“Eh, Lord have mercy on the young maid!” said a woman’s voice in a compassionate tone.

“Young witch, rather!” responded a man, roughly.

“Hold thy graceless tongue, Jack Milman!” replied a woman’s shrill tones. “Didn’t Rose Allen make broth for thee when we were both sick, and go out of a cold winter night a-gathering herbs to ease thy pain? Be shamed to thee, if thou knows what shame is, casting ill words at her in her trouble!”

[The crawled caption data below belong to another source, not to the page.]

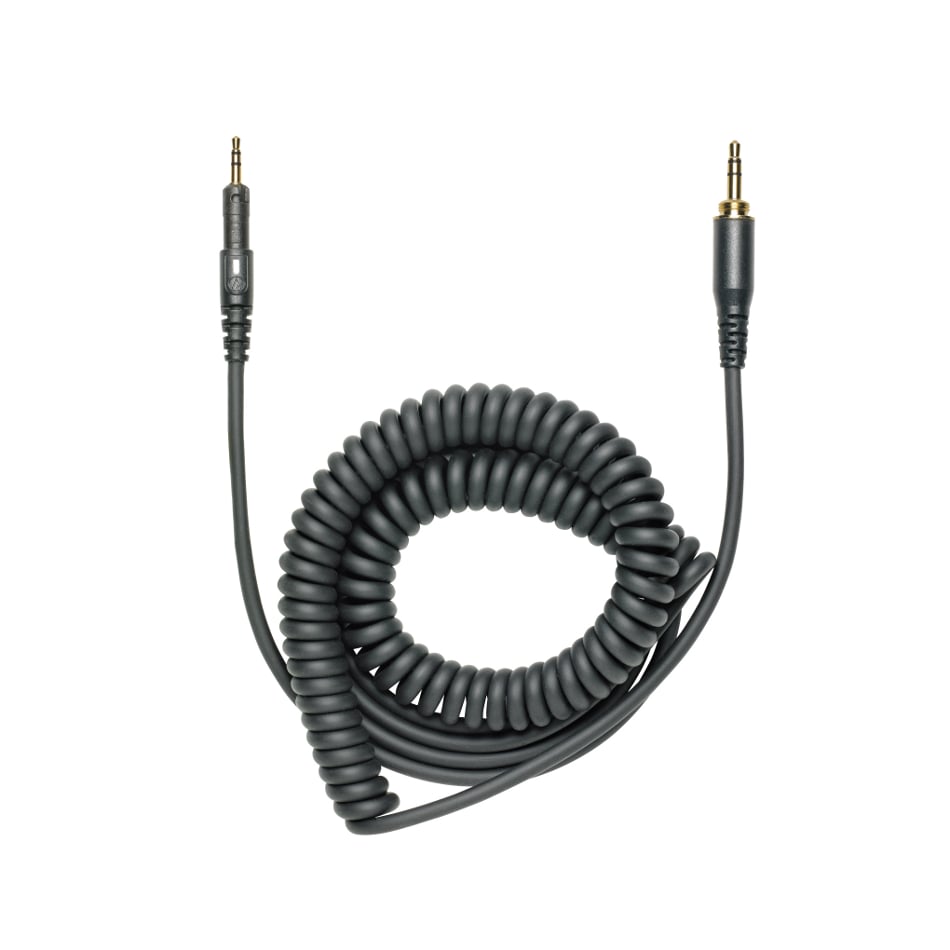 Photos - Headphones Audio-Technica HP-CC Coiled Replacement Cable for ATH-M40x / ATH-M50x Head 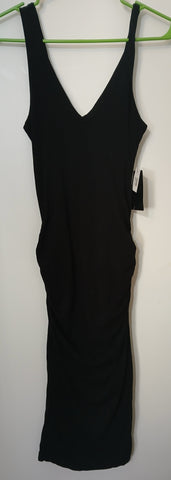 XS (1) STANDARD JAMES PERSE Brand New Black Ruffled Dress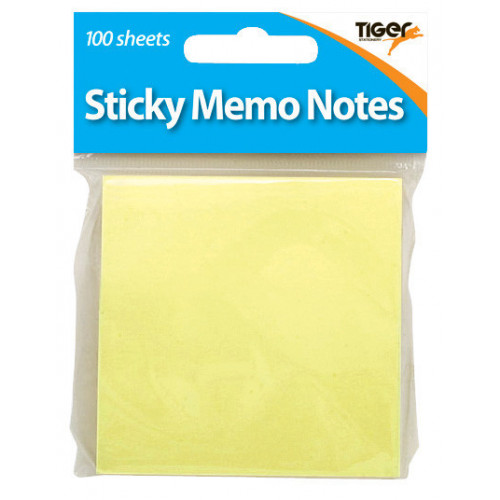 Yellow Sticky Notes 75x75mm (100) in Hang Pack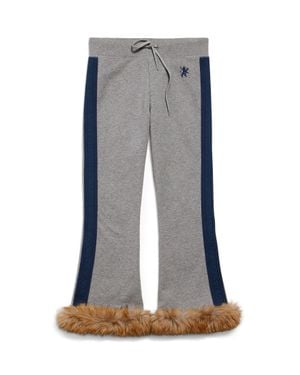 Balenciaga Lion Flared Capri Sweatpants - Blue
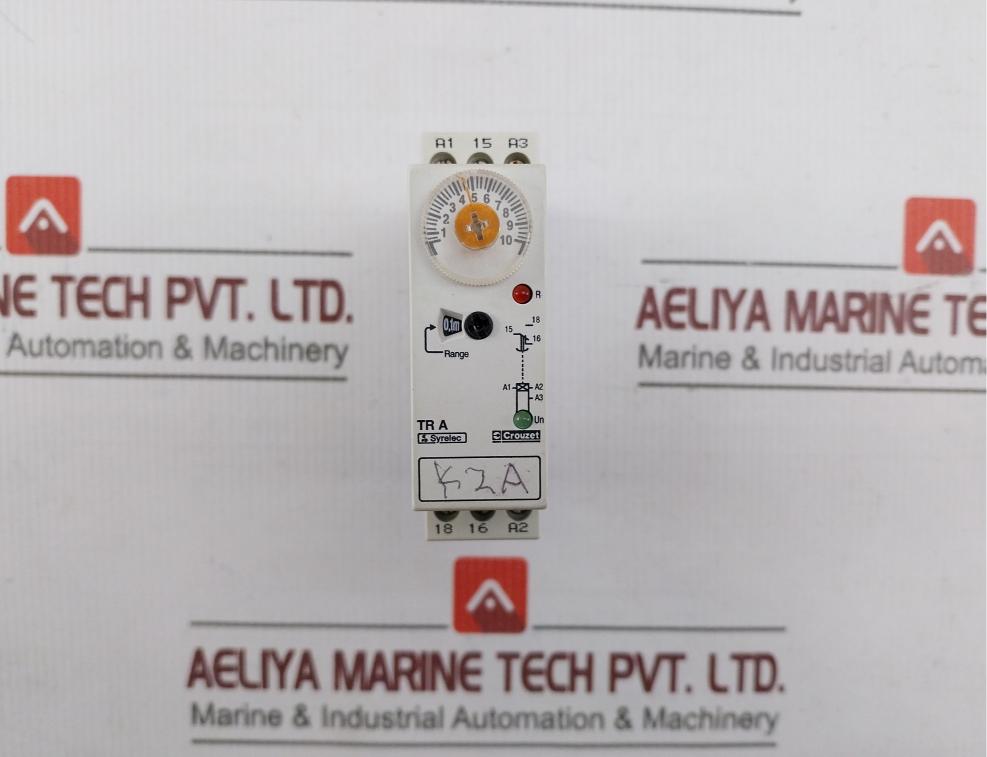 Crouzet Tr A Time Delay Relay 0.1sec-10hr,24vac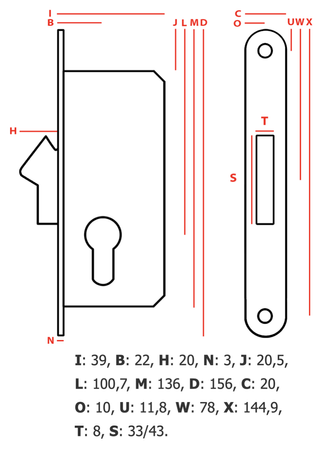 Zamek hakowy Jania Z090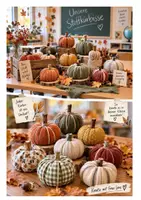 Vorschau - Arbeitsblätter - HERBST KREATIV PROJEKT - Kürbis aus Stoff - Seite 1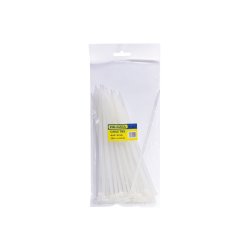Dejuca - Cable Ties - Natural - 200MM X 4.6MM - 50 PKT - 6 Pack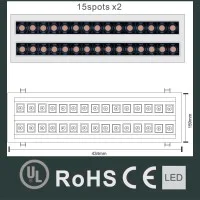 Laser Blade Faretto Lineare Doppio Da Incasso Orientabile LED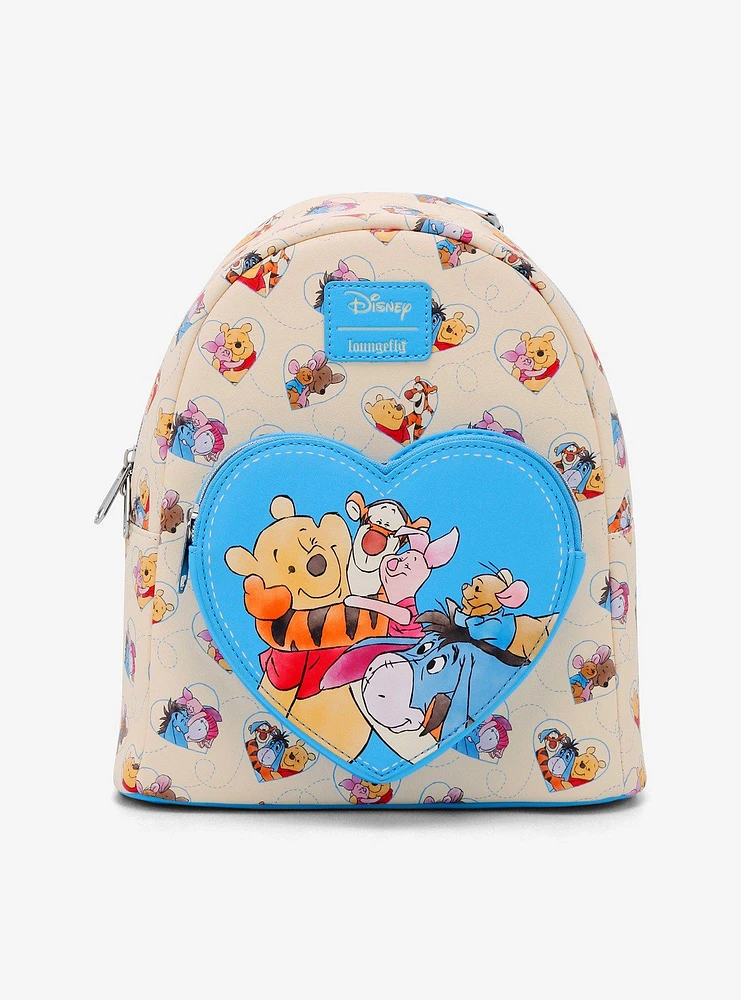 Loungefly Disney Winnie The Pooh Hugs Mini Backpack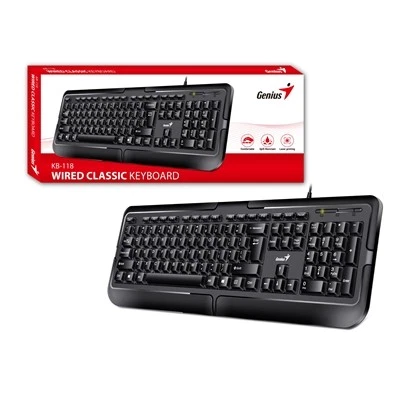 Genius Kb-118 Usb Desktop Keyboard - Image 1 of 2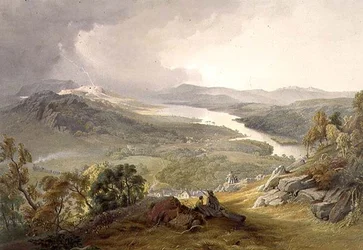 Lake Windermere, från "The English Lake District"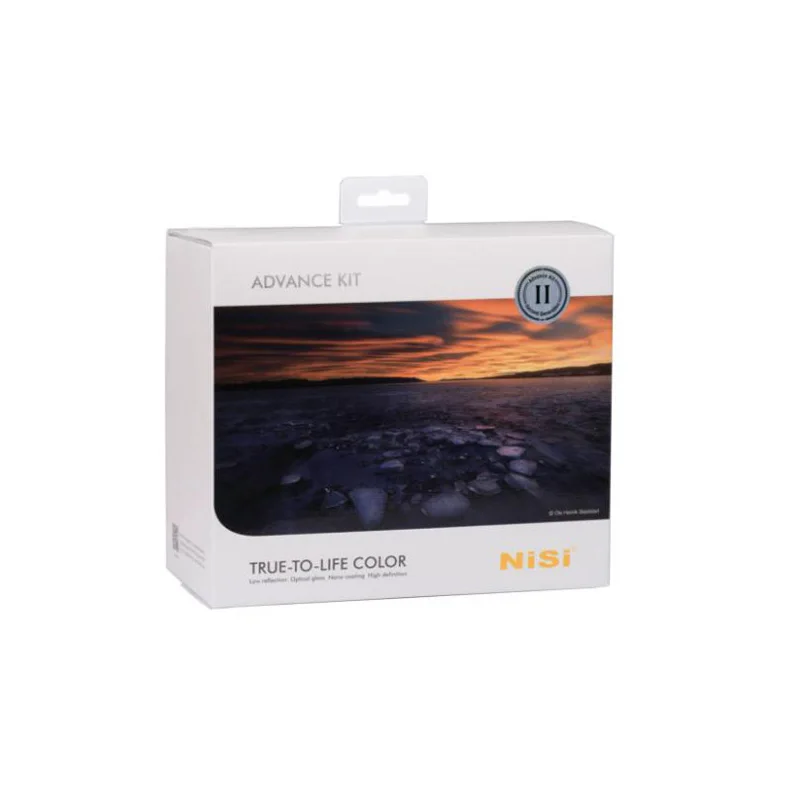 

NiSi Filters 100mm Advanced Kit Second Generation II ( V5 Pro with C-PL + ND8 + ND64 + ND1000 + Soft GND8 + Reverse GND8 +Case )
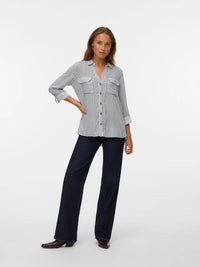 VERO MODA Bumpy Regular Fit Shirt - India Ink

Just as the prisoners were marched off, another voice hitherto silent seemed to come from the very midst of the crowd. It said,—

“Be ye faithful unto death, and Christ shall give you a crown of life.”

“Take that man!” said the Bailiff, stopping.

But the man was not to be found. Nobody knew—at least nobody would own—who had uttered those fearless words.

So the prisoners were marched away on the road to Colchester. They went in at Bothal’s Gate, up Bothal Street, and past the Black Friars’ monastery to the Castle.

Colchester Castle is one of the oldest castles in England, for it was built by King Edward the Elder, the son of Alfred the Great. It is a low square mass, with the largest Norman keep, or centre tower, in the country. The walls are twelve feet thick, and the whole ground floor, and two of the four towers, are built up perfectly solid from the bottom, that it might be made as strong as possible. It was built with Roman bricks, and the Roman mortar still sticks to some of them. Builders always know Roman mortar, for it is so much harder than any mortar people know how to make now—quite as hard as stone itself. The chimneys run up through the walls.

The prisoners were marched up to the great entrance gate, on the south side of the Castle. The Bailiff blew his horn, and the porter opened a little wicket and looked out.